Dataset entries:
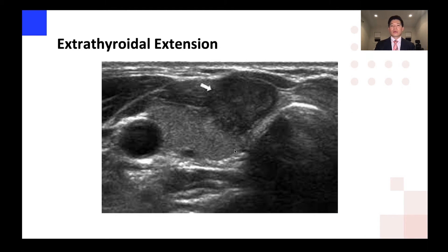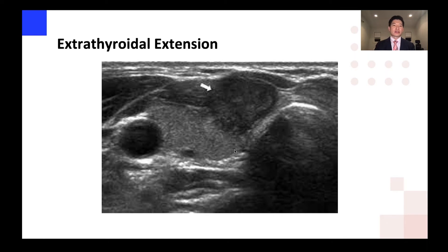One of the ones you can easily see is when there is abutment and then a blurred margin anteriorly between the overlying sternothyroid muscle and the lesion itself.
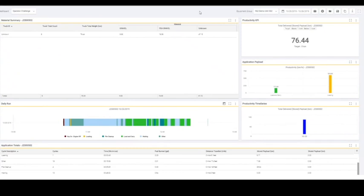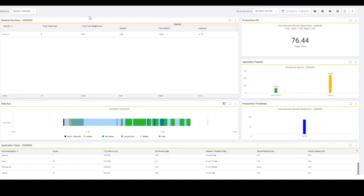Now that you've been working with your wheel loader, you can not only retrieve data on-board as shown, but also go into VisionLink to see lifetime and daily totals. Or you can go into productivity.cat.com if you've got an Advanced Productivity subscription. I've got a dashboard set up called Operator Challenge, with my 962 demo unit as the equipment group and a date range of the 25th through the 26th. I've got several widgets set up, including a Material Summary widget. You can see the trucks loaded and the material types — in this case some gravel, some P Gravel, and some unknown material.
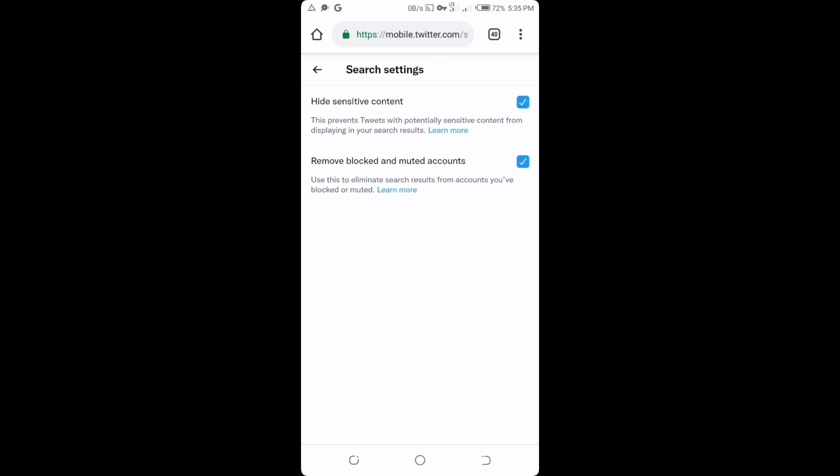Alright, so now once it's finished loading up, as you can see you can see 'Hide Sensitive Content,' so that means that this is already hidden. As you can see it's already checked. So now for me to see sensitive contents, I have to uncheck this box here. You can see 'Prevent Tweets which potentially share sensitive content from displaying in your search results.'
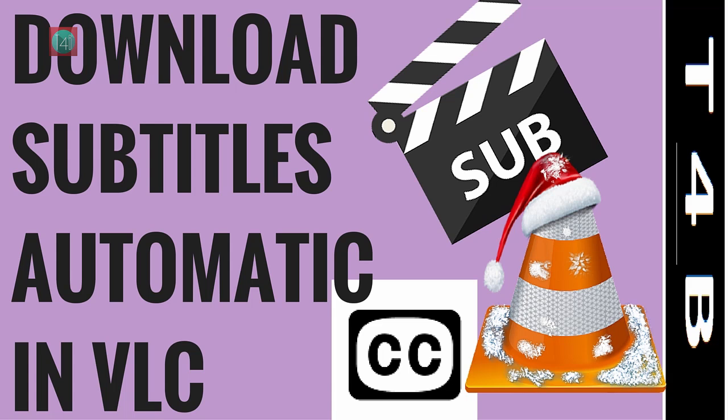In this video we learn about how to download subtitles automatically on VLC. So let's get started.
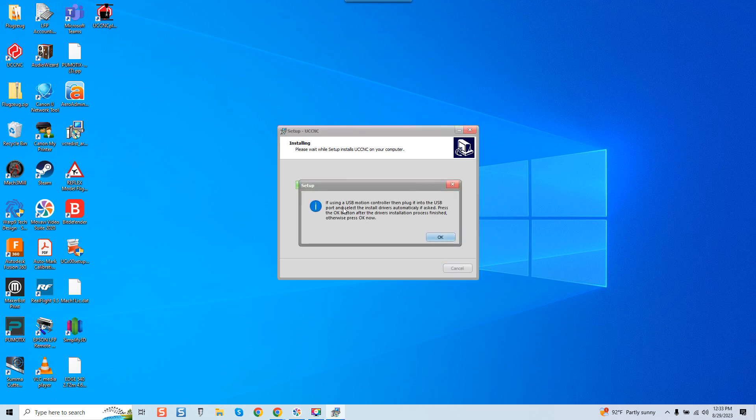Okay. If using a USB motion control then plug it into the USB port and select the install drivers automatically if asked. Press OK button after the driver's installation process finishes. Otherwise press OK now.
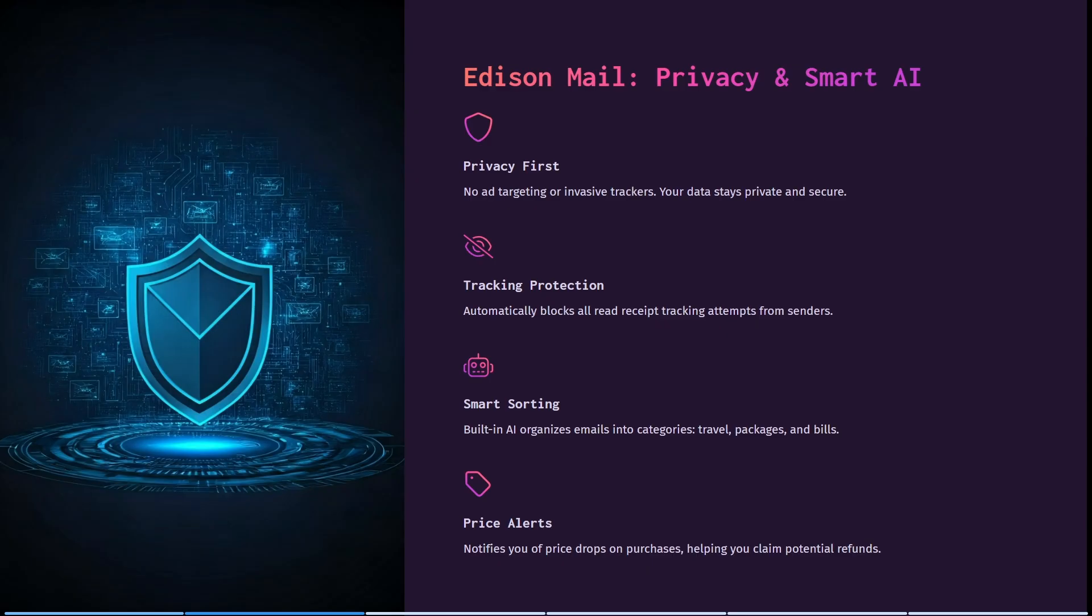Such as travel, packages, bills, and so forth. Also, it notifies you of any price drops on purchases, helping you claim potential refunds.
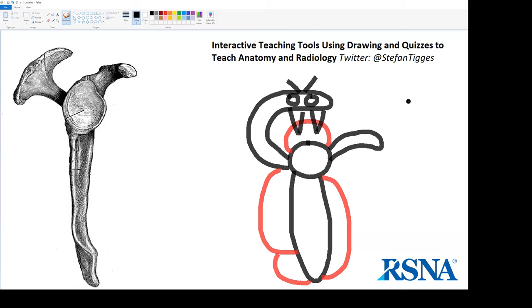So this is the process that I use to draw. Obviously, I'm not an artist. I abstract. I simplify. And I exaggerate. I hope you watch my entire video, and if you like, you can follow me on Twitter at Stefan Tates. Thank you.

Assignment
Omit the pictures. Write out exactly the lines from the one containing "Okay. If using" through the last line of the entries, both of them included.

Finished exercise
Okay. If using a USB motion control then plug it into the USB port and select the install drivers automatically if asked. Press OK button after the driver's installation process finishes. Otherwise press OK now.
Such as travel, packages, bills, and so forth. Also, it notifies you of any price drops on purchases, helping you claim potential refunds.
So this is the process that I use to draw. Obviously, I'm not an artist. I abstract. I simplify. And I exaggerate. I hope you watch my entire video, and if you like, you can follow me on Twitter at Stefan Tates. Thank you.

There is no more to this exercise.